## Goal of the exercise
Each entry must be copied exactly, without omission.

## Data for this task
# # # #
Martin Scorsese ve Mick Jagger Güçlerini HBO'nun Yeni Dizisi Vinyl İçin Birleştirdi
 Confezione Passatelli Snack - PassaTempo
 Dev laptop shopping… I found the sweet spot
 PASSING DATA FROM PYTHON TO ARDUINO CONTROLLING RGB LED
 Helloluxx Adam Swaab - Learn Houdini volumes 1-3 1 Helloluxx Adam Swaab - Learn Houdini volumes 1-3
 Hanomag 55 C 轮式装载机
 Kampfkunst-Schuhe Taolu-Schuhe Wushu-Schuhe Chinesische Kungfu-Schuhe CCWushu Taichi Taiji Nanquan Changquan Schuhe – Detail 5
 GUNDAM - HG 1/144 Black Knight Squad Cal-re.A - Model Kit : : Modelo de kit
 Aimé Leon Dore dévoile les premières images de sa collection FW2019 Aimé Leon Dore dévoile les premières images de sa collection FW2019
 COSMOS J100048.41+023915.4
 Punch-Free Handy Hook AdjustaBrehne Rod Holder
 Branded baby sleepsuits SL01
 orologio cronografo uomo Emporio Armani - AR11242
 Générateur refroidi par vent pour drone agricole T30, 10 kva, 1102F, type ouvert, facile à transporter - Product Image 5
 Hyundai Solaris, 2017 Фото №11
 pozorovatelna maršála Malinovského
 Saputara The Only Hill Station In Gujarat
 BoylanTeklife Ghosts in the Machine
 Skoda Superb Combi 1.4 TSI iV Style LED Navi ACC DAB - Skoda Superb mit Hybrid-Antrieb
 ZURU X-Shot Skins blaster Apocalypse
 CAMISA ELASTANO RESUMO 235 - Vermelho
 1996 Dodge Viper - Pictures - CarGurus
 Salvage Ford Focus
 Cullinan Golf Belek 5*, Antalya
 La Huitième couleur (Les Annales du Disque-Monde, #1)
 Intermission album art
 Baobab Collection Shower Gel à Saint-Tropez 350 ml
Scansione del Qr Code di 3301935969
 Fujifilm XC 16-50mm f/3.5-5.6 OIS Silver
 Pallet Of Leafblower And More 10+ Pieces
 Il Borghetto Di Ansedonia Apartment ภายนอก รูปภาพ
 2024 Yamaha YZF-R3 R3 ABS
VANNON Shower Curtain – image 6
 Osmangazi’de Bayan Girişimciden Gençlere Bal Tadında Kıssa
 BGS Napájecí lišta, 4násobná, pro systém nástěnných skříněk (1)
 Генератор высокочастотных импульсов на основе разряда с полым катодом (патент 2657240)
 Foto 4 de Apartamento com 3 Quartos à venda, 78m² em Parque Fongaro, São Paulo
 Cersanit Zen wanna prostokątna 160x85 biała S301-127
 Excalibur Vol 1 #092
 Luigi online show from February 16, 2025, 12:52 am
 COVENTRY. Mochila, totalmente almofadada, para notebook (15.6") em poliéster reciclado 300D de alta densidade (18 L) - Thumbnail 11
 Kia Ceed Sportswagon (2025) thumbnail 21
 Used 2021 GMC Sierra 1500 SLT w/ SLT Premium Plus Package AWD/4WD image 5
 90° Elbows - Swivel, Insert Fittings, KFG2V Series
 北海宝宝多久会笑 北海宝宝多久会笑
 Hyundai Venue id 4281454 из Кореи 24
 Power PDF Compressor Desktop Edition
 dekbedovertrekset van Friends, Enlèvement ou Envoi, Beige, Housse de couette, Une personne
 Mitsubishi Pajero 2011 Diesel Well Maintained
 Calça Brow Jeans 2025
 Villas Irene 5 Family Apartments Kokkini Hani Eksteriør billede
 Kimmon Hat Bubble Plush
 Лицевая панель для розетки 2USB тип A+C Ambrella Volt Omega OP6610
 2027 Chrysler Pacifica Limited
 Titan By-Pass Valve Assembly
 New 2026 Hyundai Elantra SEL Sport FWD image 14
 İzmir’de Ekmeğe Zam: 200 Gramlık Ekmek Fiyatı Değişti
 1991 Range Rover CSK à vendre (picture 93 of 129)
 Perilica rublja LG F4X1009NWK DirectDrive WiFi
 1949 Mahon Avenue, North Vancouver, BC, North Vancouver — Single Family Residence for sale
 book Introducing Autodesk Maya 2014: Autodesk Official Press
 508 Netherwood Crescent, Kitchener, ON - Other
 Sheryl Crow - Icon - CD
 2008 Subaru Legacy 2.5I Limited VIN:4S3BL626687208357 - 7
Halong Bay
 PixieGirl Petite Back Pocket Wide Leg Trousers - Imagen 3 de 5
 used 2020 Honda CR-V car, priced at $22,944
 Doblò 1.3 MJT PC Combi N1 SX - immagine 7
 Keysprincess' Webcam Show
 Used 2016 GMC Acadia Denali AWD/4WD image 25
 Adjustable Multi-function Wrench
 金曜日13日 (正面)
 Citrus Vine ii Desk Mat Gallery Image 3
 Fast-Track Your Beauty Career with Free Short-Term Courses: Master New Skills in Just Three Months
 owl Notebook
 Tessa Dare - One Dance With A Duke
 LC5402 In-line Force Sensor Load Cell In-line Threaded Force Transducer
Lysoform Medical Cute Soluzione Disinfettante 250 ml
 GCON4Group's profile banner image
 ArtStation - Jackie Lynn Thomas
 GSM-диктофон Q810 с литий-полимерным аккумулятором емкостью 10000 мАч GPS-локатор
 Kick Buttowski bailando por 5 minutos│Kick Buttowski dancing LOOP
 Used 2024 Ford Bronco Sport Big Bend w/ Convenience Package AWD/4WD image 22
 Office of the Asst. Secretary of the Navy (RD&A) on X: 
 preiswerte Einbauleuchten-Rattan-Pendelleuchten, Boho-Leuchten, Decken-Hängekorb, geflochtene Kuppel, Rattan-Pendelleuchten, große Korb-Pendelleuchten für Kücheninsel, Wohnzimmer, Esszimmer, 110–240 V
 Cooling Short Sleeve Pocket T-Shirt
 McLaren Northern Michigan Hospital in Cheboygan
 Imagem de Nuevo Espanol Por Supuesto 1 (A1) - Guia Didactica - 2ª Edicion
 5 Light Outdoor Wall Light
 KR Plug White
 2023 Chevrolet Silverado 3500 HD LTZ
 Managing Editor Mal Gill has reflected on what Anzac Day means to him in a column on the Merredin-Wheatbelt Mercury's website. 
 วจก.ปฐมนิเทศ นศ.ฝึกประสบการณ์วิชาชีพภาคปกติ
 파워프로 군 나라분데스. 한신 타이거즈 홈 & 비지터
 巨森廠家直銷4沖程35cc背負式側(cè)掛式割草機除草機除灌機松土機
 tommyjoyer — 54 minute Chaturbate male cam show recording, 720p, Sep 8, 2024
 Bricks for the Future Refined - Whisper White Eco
# # # #
## Output of the exercise
Martin Scorsese ve Mick Jagger Güçlerini HBO'nun Yeni Dizisi Vinyl İçin Birleştirdi
 Confezione Passatelli Snack - PassaTempo
 Dev laptop shopping… I found the sweet spot
 PASSING DATA FROM PYTHON TO ARDUINO CONTROLLING RGB LED
 Helloluxx Adam Swaab - Learn Houdini volumes 1-3 1 Helloluxx Adam Swaab - Learn Houdini volumes 1-3
 Hanomag 55 C 轮式装载机
 Kampfkunst-Schuhe Taolu-Schuhe Wushu-Schuhe Chinesische Kungfu-Schuhe CCWushu Taichi Taiji Nanquan Changquan Schuhe – Detail 5
 GUNDAM - HG 1/144 Black Knight Squad Cal-re.A - Model Kit : : Modelo de kit
 Aimé Leon Dore dévoile les premières images de sa collection FW2019 Aimé Leon Dore dévoile les premières images de sa collection FW2019
 COSMOS J100048.41+023915.4
 Punch-Free Handy Hook AdjustaBrehne Rod Holder
 Branded baby sleepsuits SL01
 orologio cronografo uomo Emporio Armani - AR11242
 Générateur refroidi par vent pour drone agricole T30, 10 kva, 1102F, type ouvert, facile à transporter - Product Image 5
 Hyundai Solaris, 2017 Фото №11
 pozorovatelna maršála Malinovského
 Saputara The Only Hill Station In Gujarat
 BoylanTeklife Ghosts in the Machine
 Skoda Superb Combi 1.4 TSI iV Style LED Navi ACC DAB - Skoda Superb mit Hybrid-Antrieb
 ZURU X-Shot Skins blaster Apocalypse
 CAMISA ELASTANO RESUMO 235 - Vermelho
 1996 Dodge Viper - Pictures - CarGurus
 Salvage Ford Focus
 Cullinan Golf Belek 5*, Antalya
 La Huitième couleur (Les Annales du Disque-Monde, #1)
 Intermission album art
 Baobab Collection Shower Gel à Saint-Tropez 350 ml
Scansione del Qr Code di 3301935969
 Fujifilm XC 16-50mm f/3.5-5.6 OIS Silver
 Pallet Of Leafblower And More 10+ Pieces
 Il Borghetto Di Ansedonia Apartment ภายนอก รูปภาพ
 2024 Yamaha YZF-R3 R3 ABS
VANNON Shower Curtain – image 6
 Osmangazi’de Bayan Girişimciden Gençlere Bal Tadında Kıssa
 BGS Napájecí lišta, 4násobná, pro systém nástěnných skříněk (1)
 Генератор высокочастотных импульсов на основе разряда с полым катодом (патент 2657240)
 Foto 4 de Apartamento com 3 Quartos à venda, 78m² em Parque Fongaro, São Paulo
 Cersanit Zen wanna prostokątna 160x85 biała S301-127
 Excalibur Vol 1 #092
 Luigi online show from February 16, 2025, 12:52 am
 COVENTRY. Mochila, totalmente almofadada, para notebook (15.6") em poliéster reciclado 300D de alta densidade (18 L) - Thumbnail 11
 Kia Ceed Sportswagon (2025) thumbnail 21
 Used 2021 GMC Sierra 1500 SLT w/ SLT Premium Plus Package AWD/4WD image 5
 90° Elbows - Swivel, Insert Fittings, KFG2V Series
 北海宝宝多久会笑 北海宝宝多久会笑
 Hyundai Venue id 4281454 из Кореи 24
 Power PDF Compressor Desktop Edition
 dekbedovertrekset van Friends, Enlèvement ou Envoi, Beige, Housse de couette, Une personne
 Mitsubishi Pajero 2011 Diesel Well Maintained
 Calça Brow Jeans 2025
 Villas Irene 5 Family Apartments Kokkini Hani Eksteriør billede
 Kimmon Hat Bubble Plush
 Лицевая панель для розетки 2USB тип A+C Ambrella Volt Omega OP6610
 2027 Chrysler Pacifica Limited
 Titan By-Pass Valve Assembly
 New 2026 Hyundai Elantra SEL Sport FWD image 14
 İzmir’de Ekmeğe Zam: 200 Gramlık Ekmek Fiyatı Değişti
 1991 Range Rover CSK à vendre (picture 93 of 129)
 Perilica rublja LG F4X1009NWK DirectDrive WiFi
 1949 Mahon Avenue, North Vancouver, BC, North Vancouver — Single Family Residence for sale
 book Introducing Autodesk Maya 2014: Autodesk Official Press
 508 Netherwood Crescent, Kitchener, ON - Other
 Sheryl Crow - Icon - CD
 2008 Subaru Legacy 2.5I Limited VIN:4S3BL626687208357 - 7
Halong Bay
 PixieGirl Petite Back Pocket Wide Leg Trousers - Imagen 3 de 5
 used 2020 Honda CR-V car, priced at $22,944
 Doblò 1.3 MJT PC Combi N1 SX - immagine 7
 Keysprincess' Webcam Show
 Used 2016 GMC Acadia Denali AWD/4WD image 25
 Adjustable Multi-function Wrench
 金曜日13日 (正面)
 Citrus Vine ii Desk Mat Gallery Image 3
 Fast-Track Your Beauty Career with Free Short-Term Courses: Master New Skills in Just Three Months
 owl Notebook
 Tessa Dare - One Dance With A Duke
 LC5402 In-line Force Sensor Load Cell In-line Threaded Force Transducer
Lysoform Medical Cute Soluzione Disinfettante 250 ml
 GCON4Group's profile banner image
 ArtStation - Jackie Lynn Thomas
 GSM-диктофон Q810 с литий-полимерным аккумулятором емкостью 10000 мАч GPS-локатор
 Kick Buttowski bailando por 5 minutos│Kick Buttowski dancing LOOP
 Used 2024 Ford Bronco Sport Big Bend w/ Convenience Package AWD/4WD image 22
 Office of the Asst. Secretary of the Navy (RD&A) on X: 
 preiswerte Einbauleuchten-Rattan-Pendelleuchten, Boho-Leuchten, Decken-Hängekorb, geflochtene Kuppel, Rattan-Pendelleuchten, große Korb-Pendelleuchten für Kücheninsel, Wohnzimmer, Esszimmer, 110–240 V
 Cooling Short Sleeve Pocket T-Shirt
 McLaren Northern Michigan Hospital in Cheboygan
 Imagem de Nuevo Espanol Por Supuesto 1 (A1) - Guia Didactica - 2ª Edicion
 5 Light Outdoor Wall Light
 KR Plug White
 2023 Chevrolet Silverado 3500 HD LTZ
 Managing Editor Mal Gill has reflected on what Anzac Day means to him in a column on the Merredin-Wheatbelt Mercury's website. 
 วจก.ปฐมนิเทศ นศ.ฝึกประสบการณ์วิชาชีพภาคปกติ
 파워프로 군 나라분데스. 한신 타이거즈 홈 & 비지터
 巨森廠家直銷4沖程35cc背負式側(cè)掛式割草機除草機除灌機松土機
 tommyjoyer — 54 minute Chaturbate male cam show recording, 720p, Sep 8, 2024
 Bricks for the Future Refined - Whisper White Eco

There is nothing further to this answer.